UC–Irvine student section does STEM outreach for young women

June 12, 2024, 7:00AMANS News
A student observes the ANS Visualizing Radiation Cloud Chamber at the PPPL Young Women’s Conference. (Photo: ANS Student Section/University of California–Irvine)

The American Nuclear Society Student Section at University of California–Irvine presented ANS STEM learning materials at the Princeton Plasma Physics Laboratory Young Women’s Conference in STEM. Members of the section were on hand at the May 17 conference, held at University of California–San Diego, with Geiger counters, an ANS Visualizing Radiation Cloud Chamber Kit, pellet cards, and more, courtesy of ANS STEM Programs.

The PPPL Young Women’s Conference in STEM introduces seventh-to-tenth-grade girls to careers in STEM through hands-on activities, small group presentations, a chemistry demonstration, and a keynote address.
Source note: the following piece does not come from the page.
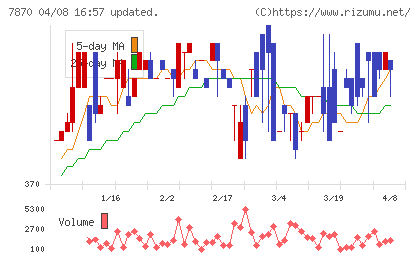 福島印刷チャート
Girls spend the day learning about a huge variety of STEM careers and talking with prominent female scientists and engineers from around the world.

Made for classrooms: ANS Cloud Chamber Kits are free for any educator who requests one. Aimed at grades 5–12, the cloud chambers are designed to let people visualize radiation as an event, not just a concept. The chamber itself is a small box equipped with a radioactive source, pads soaked in rubbing alcohol, and dry ice. High-energy radioactive particles flow from the thorium mantle as it undergoes decay. Alcohol vapor condenses on the particles as they travel through the chamber. Students can observe the trail the particles leave, not the actual particles, much the same way jet exhaust creates contrails in the sky.

Great participation: “We had a great time sharing our love for nuclear science and technology with the next generation,” said UC–Irvine student section president Jessica Granger-Jones. “There were so many interested and curious young women, eager to learn more about radiation and the many applications of nuclear science. After detecting radiation with the Geiger counters, the cloud chamber was a huge hit with many animated exclamations when they were able to see the path of radiation.”

Granger-Jones said that out of 270 participants registered for the conference, about half came by the booth to learn about nuclear science.

About the Student Section: The UC–Irvine student section has 25 members and holds regular meetings once or twice a month, usually with a guest speaker giving a career talk or a chapter member giving a seminar on a topic in nuclear science and technology.

Granger-Jones added, “We are also very involved in volunteering to host tours of the UC–Irvine TRIGA reactor. We usually have tours on a weekly/biweekly basis and hosted about 1,000 visitors this past calendar year. In addition to tours for companies and university student and faculty groups, we are actively involved in tours for larger outreach events catered to underrepresented communities, for example Reach Out Teach Out, which brings students from Title I high schools to our university campus for lab tours and professional development activities.”